Ensure the employee payroll system you adopt is Real Time Information (RTI)-compliant to avoid finding yourself on the wrong side of the CRA.

7. Balance the Books

At the end of your bookkeeping, you must balance your books before closing them, often quarterly for most businesses. At this time, your account credits and debits should match (the totals down there). It’s what a balanced book entails.

You have to record all the journal entries you’ve been crediting and debiting in the general ledger and then adjust your account balances appropriately, after which the following accounting equation applies:

Assets = Liabilities + Equity

If this is not the case, it means there are some errors that you need to correct.

8. Prepare Financial Reports

Financial reports are a summary of the flow of money in your business. They show how your business is doing, enabling you to plan the way forward.

Bookkeeping software has made it easier to generate these reports, and you can get them anytime, especially when you need to make quick financial decisions.

9. Store Records Securely

Accurate and organized record-keeping ensures all your financial transactions are secure. Anytime you want to access something, you can easily find it.

In addition, secure record-keeping ensures you adhere to the law, something small businesses must do to remain legally compliant.

Do You Need an Accountant for a Small Business?

Granted, you can learn accounting and do the bookkeeping yourself. However, it’s recommended that small business owners hire a certified public accountant.
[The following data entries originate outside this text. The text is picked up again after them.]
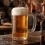 BEER MUG 1L CLEAR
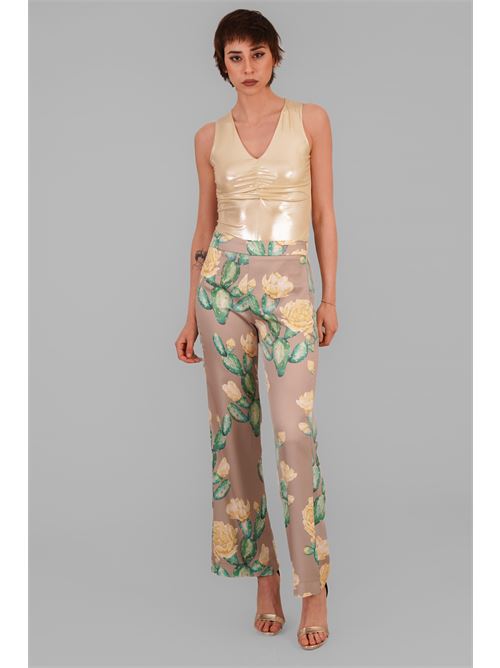 Body elastico laminato Manuela Riva | BD 03/0876 SAGIALLO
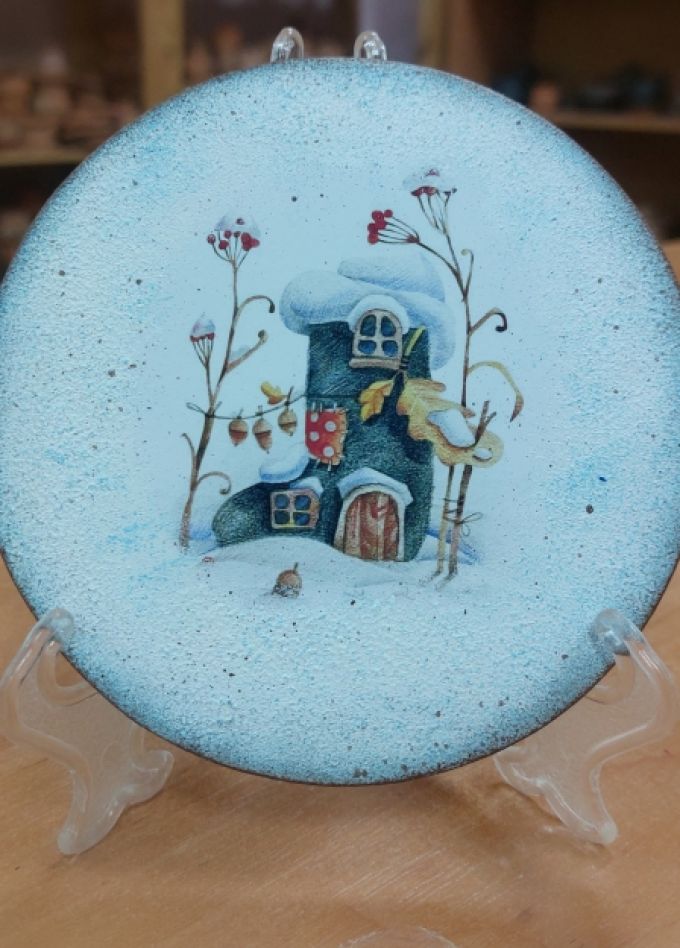 Снежное, нежное. Мастер-класс по декупажу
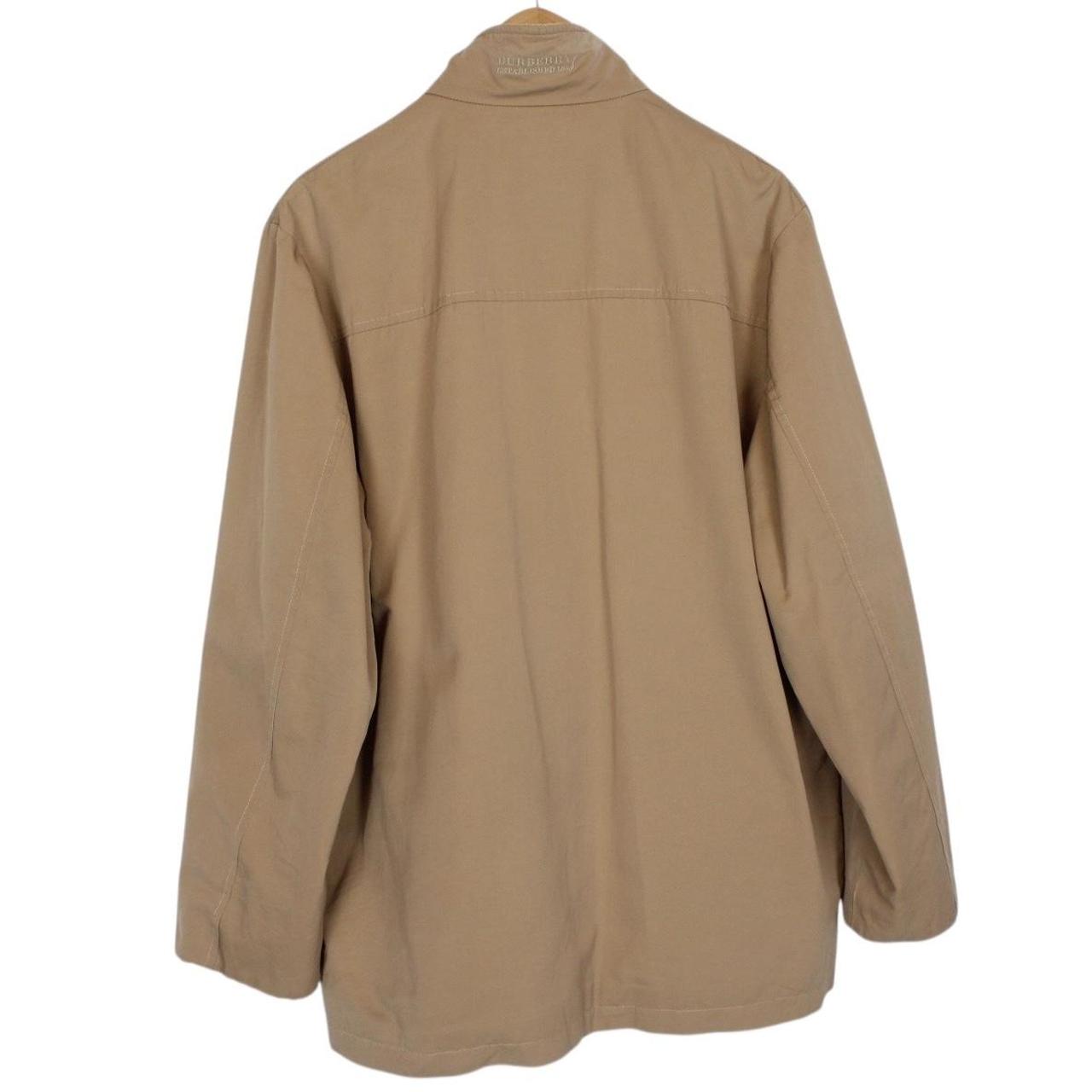 Vintage Burberry London Tan Brown Full Zip Cotton Blend Jacket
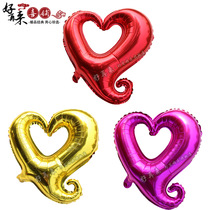 Wedding room layout wedding wedding decoration marriage proposal wedding supplies aluminum film balloon hook heart-shaped aluminum foil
It saves you a lot of money and performs various tasks, including:

  • Help with writing business plans
  • Advising you on the structure of your business entity
  • Setting up your accounting software
  • Helping with the payment of taxes and filing returns
  • Maintaining records of business transactions

Conclusion

Now you have the answer to the question, “How do small businesses keep financial records?” And if you follow the steps mentioned above, you’re bound to succeed. Remember, finances mean everything for a business, and managing the same starts with good accounting. Start with the right bank account and follow every step. Your business will flourish and keep growing.